We may also consider the longitudinal ordering of three log-built towers with the central one highest as one of the results of Nikon’s reforms. This form became widespread mainly in Ukraine. Their tall slim spires tower above the left bank of the Dnieper River (in some places there are three or five of them together with the central one highest, and the cathedral in Novomoskovsk has nine spires), but from the right bank of the Dnieper to the Carpathians their architecture is lower and more compact. Cross-shaped floor plans with one central steeple have been preserved on the right bank of the Dniester on the northeast side of the Carpathian bend. The whole right bank of the Dnieper belonged to Poland until the 1870s, and later the Galician part belonged to Austria. Conflicts of political interest between the bishoprics of Kiev and Moscow led to seeing possibilities for winning ecclesiastical autonomy for Western Ukraine and Belarus by establishing an independent patriarchate in Lvov. The result of doing this was the development of the new Eastern Catholic Church (also called Uniate, Greek Catholic, Byzantine Catholic or Oriental Catholic), which retained the Catholic liturgy and submitted to the authority of the Pope in Rome. It influenced the architecture of wooden churches in Belarus, Northwest Ukraine, and later also in the Transcarpathian region, Northern Romania and in the Slovak-Polish border area. The Eastern Catholic Church promoted an architecture featuring a high western tower with the three log-unit church according to the Roman Catholic model. In the westernmost reaches of Eastern Christianity this fundamentally transformed the silhouette of churches. The nave lost its dominance as the highest part of its symmetrical profile and instead of it the western tower was emphasized. With this the Christological symbolism of the nave was lost. When in the19th century the Russian occupation of Belarus and Eastern Poland renewed the Orthodox tradition, their new churches were also built with a highest western steeple. This was, however, a completely different type derived from the tradition of the so-called New Moscow style that was promoted as part of the Western European orientation of Czar Peter I. The political and cultural cooperation of the Czar’s court with Prussia opened the way for the East to classicist architecture.

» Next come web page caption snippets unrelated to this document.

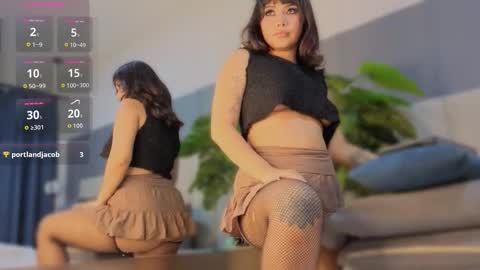 Kissmypurr online show from 11.11.25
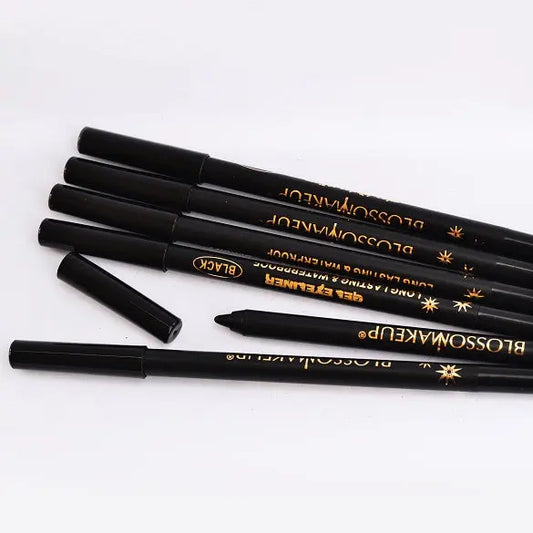 Blossom Makeup Gel Liner Eye Pencil La Mimz Beauty & Fashion Store
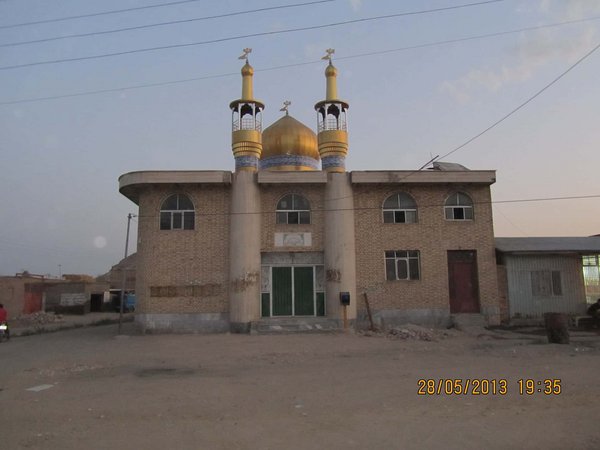 مسجد روستای قزقلعه.JPG Xoy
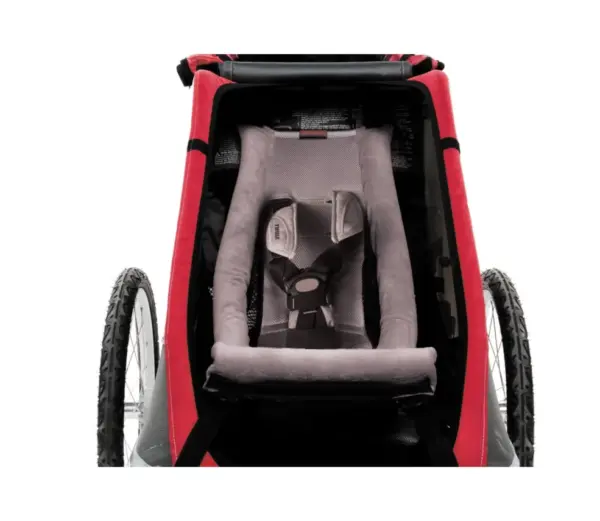 Thule Chariot Infant Carrier for Comfort Carry - Image 2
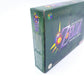 Nintendo 64 - N64 - The Legend of Zelda - Majora's Mask - PAL - inkl OVP & Anleitung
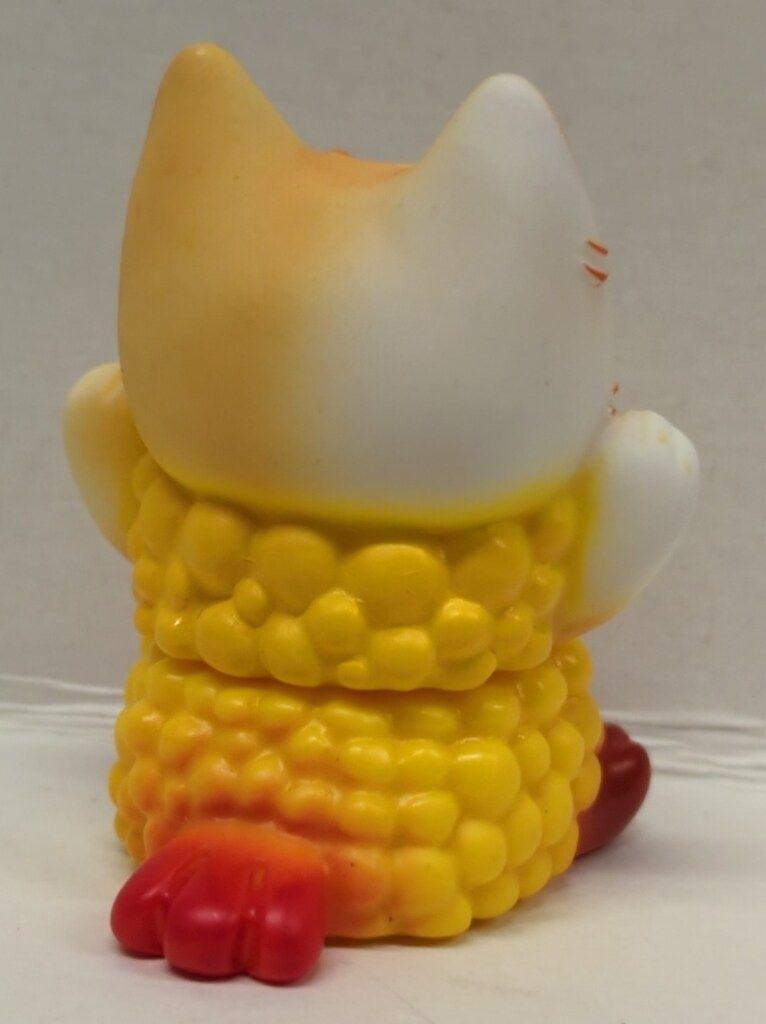 MEDICOMTOY VAG シリーズ14 よろず雑貨 えびねこ屋 こえびねこ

Of the great number of wooden synagogues in Europe, none have been preserved. Anti-Semitic ideology caused their systematic destruction by arson in all the countries occupied by the German army in the Second World War. Most of them had stood on the territories of today’s Poland, Lithuania, Western Belarus and Ukraine. They were houses of worship with a large sacral space and multistoried vestibule. Their upper story served for the participation of women during worship services, and larger buildings had this upper area extended even to the side walls. However, visual contact between the two sexes was always rendered impossible. The architecture of synagogues in the 18th century attained a high standard. Their large buildings featured exquisitely rendered external stairways, rich roof variations on a high hipped end and complex arch structures inside. After the annexation of Galicia to Austria the position of the Jewish population worsened and many families left for Hungary (to Slovakia and then into the Magyar territories). Several wooden synagogues from Northern Slovakia have been documented because they perished after the war.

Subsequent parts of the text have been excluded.